Prediction of Emergency Cesarean Section Using Detectable Maternal and Fetal Characteristics Among Saudi Women

Int J Womens Health. 2023 Aug 8:15:1283-1293. doi: 10.2147/IJWH.S414380. eCollection 2023.

Abstract

Background: The worldwide rate of cesarean section (CS) is increasing. Development of prediction models for a specific population may improve the unmet need for CS as well as reduce the overuse of CS.

Objective: To explore risk factors associated with emergency CS, and to determine the accuracy of predicting it.

Methods: A retrospective analysis of the medical records of women who delivered between January 1, 2021-December 2022 was conducted, relevant maternal and neonatal data were retrieved.

Results: Out of 1793 deliveries, 447 (25.0%) had emergency CS. Compared to control, the risk of emergency CS was higher in primiparous women (OR 2.13, 95% CI 1.48 to 3.06), in women with higher Body mass index (BMI) (OR 1.77, 95% CI 1.27 to 2.47), in association with history of previous CS (OR 4.81, 95% CI 3.24 to 7.15) and in women with abnormal amniotic fluid (OR 2.30, 95% CI 1.55 to 3.41). Additionally, women with hypertensive disorders had a 176% increased risk of emergency CS (OR 2.76, 95% CI 1.35-5.63). Of note, the risk of emergency CS was more than three times higher in women who delivered a small for gestational age infant (OR 3.29, 95% CI 1.93-5.59). Based on the number of risk factors, a prediction model was developed, about 80% of pregnant women in the emergency CS group scored higher grades compared to control group. The area under the curve was 0.72, indicating a good discriminant ability of the model.
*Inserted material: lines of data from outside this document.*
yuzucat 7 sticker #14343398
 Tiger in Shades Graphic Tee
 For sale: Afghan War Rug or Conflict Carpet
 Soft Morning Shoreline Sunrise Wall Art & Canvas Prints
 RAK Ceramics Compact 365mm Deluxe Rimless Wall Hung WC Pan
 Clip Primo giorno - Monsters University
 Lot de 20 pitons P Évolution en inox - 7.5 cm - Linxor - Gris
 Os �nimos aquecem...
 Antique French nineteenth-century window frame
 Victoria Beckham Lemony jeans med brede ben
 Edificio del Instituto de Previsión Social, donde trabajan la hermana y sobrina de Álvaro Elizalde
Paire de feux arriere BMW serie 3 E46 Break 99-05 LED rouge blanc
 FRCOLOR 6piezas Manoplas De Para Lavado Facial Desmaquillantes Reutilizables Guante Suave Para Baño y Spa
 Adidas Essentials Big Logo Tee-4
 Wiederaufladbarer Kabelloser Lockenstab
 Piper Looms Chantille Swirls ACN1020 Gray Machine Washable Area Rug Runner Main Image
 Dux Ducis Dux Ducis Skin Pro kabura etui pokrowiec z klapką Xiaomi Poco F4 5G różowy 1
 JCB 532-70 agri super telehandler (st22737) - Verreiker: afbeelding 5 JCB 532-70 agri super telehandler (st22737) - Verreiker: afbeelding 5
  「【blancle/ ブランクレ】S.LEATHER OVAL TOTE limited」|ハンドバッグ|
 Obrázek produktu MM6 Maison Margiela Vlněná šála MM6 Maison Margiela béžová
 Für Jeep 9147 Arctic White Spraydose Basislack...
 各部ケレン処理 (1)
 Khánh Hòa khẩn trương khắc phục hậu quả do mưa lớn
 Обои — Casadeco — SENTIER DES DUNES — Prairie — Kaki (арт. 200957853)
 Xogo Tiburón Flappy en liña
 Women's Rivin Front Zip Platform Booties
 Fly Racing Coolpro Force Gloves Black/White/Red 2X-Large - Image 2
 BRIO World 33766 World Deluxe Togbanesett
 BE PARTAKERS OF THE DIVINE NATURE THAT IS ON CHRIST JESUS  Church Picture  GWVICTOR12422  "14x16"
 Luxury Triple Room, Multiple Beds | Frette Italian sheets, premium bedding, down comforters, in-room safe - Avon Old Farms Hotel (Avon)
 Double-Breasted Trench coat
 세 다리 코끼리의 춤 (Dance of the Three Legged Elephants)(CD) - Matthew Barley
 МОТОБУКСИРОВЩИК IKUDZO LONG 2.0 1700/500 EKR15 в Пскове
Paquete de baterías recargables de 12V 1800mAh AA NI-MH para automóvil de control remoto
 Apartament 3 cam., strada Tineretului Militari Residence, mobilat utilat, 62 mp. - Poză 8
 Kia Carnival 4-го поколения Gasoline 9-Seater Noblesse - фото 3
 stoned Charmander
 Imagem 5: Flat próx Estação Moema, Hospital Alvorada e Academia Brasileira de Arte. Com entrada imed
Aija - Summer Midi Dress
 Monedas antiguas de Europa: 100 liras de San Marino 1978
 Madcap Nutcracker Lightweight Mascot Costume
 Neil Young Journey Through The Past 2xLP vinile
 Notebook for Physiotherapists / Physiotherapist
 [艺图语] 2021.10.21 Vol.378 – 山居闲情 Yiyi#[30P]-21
Conclusion: This study identified several risk factors associated with emergency CS in pregnant Saudi women. A prediction model showed 72% accuracy in predicting the likelihood of emergency CS. This information can be useful to individualize the risk of emergency CS, and to implement appropriate measures to prevent unnecessary CS.

Keywords: Saudi Arabia; emergency cesarean section; indications; prediction.

Grants and funding

This project was funded by Princess Nourah bint Abdulrahman university researchers supporting project (number PNURSP2022R21) Princess Nourah bint Abdulrahman university, Riyadh, Saudi Arabia.